In housing policy circles, January 7, 2026 will be a day long remembered. January 7 of course refers to the day President Trump announced - with a short two paragraph social media post - his intention to prohibit institutions from purchasing single-family homes. In the week that followed the attention has been, in a word, comprehensive. Though, it is certainly heartening to see many in the mainstream media - to include the Wall Street Journal, New York Times, Washington-Post and others - come to the defense of the industry. Add to these pro-industry viewpoints, what I believe is the key takeaway from the announcement: when you've been in the business of politics long enough, you come to know the difference between a body blow and a knockout punch. The Trump announcement is the former. While the optics of the President's announcement were difficult - to say the least - things are far from over.

That is not to say the President's announcement should be taken casually. Quite the opposite. This is a President who, time and again, has shown he can deliver on big pronouncements. This is also a President who lives by a "ready, fire, aim" approach to getting things done. The announcement to ban institutions from buying homes caught virtually everyone in Washington, DC off guard, and like other headline-grabbing statements, contained very few details about how such a ban would be implemented. And the announcements have kept coming. Just one day after proposing a ban on institutional home buying, the President surprised the housing world again by announcing his intention to buy $200 billion in mortgage bonds in an effort to lower the cost of financing home purchases.

All of which shows the President is taking a "Christmas tree" approach to housing policy - he has a lot of ornaments in the box, some of which will make it onto the tree, some of which won't. As far as the future of the proposed ban, everyone will be waiting to see how things come together over the next few weeks. Will there be a ban on purchases or a limitation on ownership? Will the President attempt to push a bill through Congress, as he claimed in his original announcement? If it's a bill, will it be stand-alone legislation or a part of something bigger? If it isn't a bill will it take the form of administrative action, either an executive order or a directive through the agencies?

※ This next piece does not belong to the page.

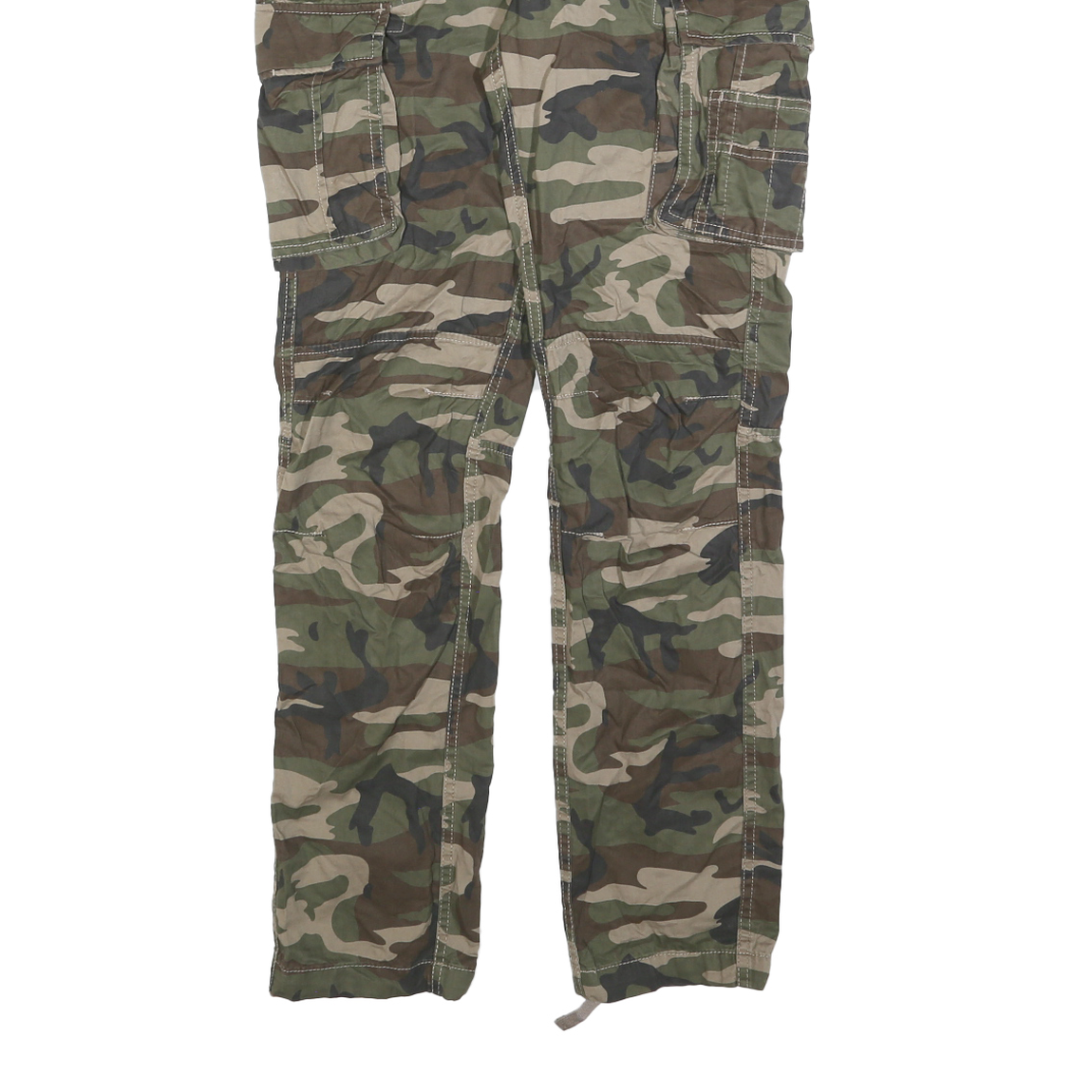 SCHOTT Mens Slim Cotton Blend Green Camouflage Cargo Trousers W29 L32 Utility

Without more detail about these, and other, considerations it's hard to make a call on where the proposed ban goes from here. But, one thing is certain, moving forward with a ban - in any form - without collaborating with industry on ways institutional providers can help reach the shared goal of making housing more attainable and affordable would be a missed opportunity for the administration. Three areas in particular where institutional providers can make demonstrable contributions include adding supply, increasing the flow of capital into housing, and enhancing property management and customer care practices.

1.) In the case of supply, we simply aren't building enough homes, a fact the President himself has publicly acknowledged. Whether homes for sale, apartments, or homes for rent, the United States needs more housing. Given this reality, the single-family rental housing industry has responded by spearheading what has become perhaps the most exciting sector of America's housing economy: the building of dedicated rental communities, newly-built neighborhoods comprised exclusively of high-quality, amenity-rich single-family homes and townhomes. These communities are in high demand. If supply is the problem, any potential legislation should encourage and enable the kind of innovation that makes dedicated rental communities possible (it should be noted, numerous legislative efforts at both the state and federal levels intending the govern the industry have included an exemption for newly-built single-family rental homes and communities).

2.) As for liquidity, there is nothing more important to housing than the ready availability of capital. Whether government money, like that provided by Fannie Mae and Freddie Mac; bank money, like that used to provide mortgages for homebuyers; or private money, like that supplied by institutional capital providers, liquidity makes housing possible. Regulation that unduly handcuffs any of these sources of liquidity impedes the efficient flow of capital to those sectors of the housing economy where it is most needed. Rather than risk a disruption in the flow of capital, the administration should look to institutional providers as partners in their efforts to bring more liquidity into the housing market.

3.) On the property management front, institutional providers of single-family rental homes have brought much-needed innovation and efficiency to property management and customer care practices. These companies aren't merely passive investors, they are large-scale operators deeply committed to elevating the resident experience. Managing single-family rental homes is a complicated business and large providers are constantly adopting and incorporating new methods to make the at-home experience more seamless for residents. These efforts should be replicated and diffused throughout the industry to enhance the experience for all residents.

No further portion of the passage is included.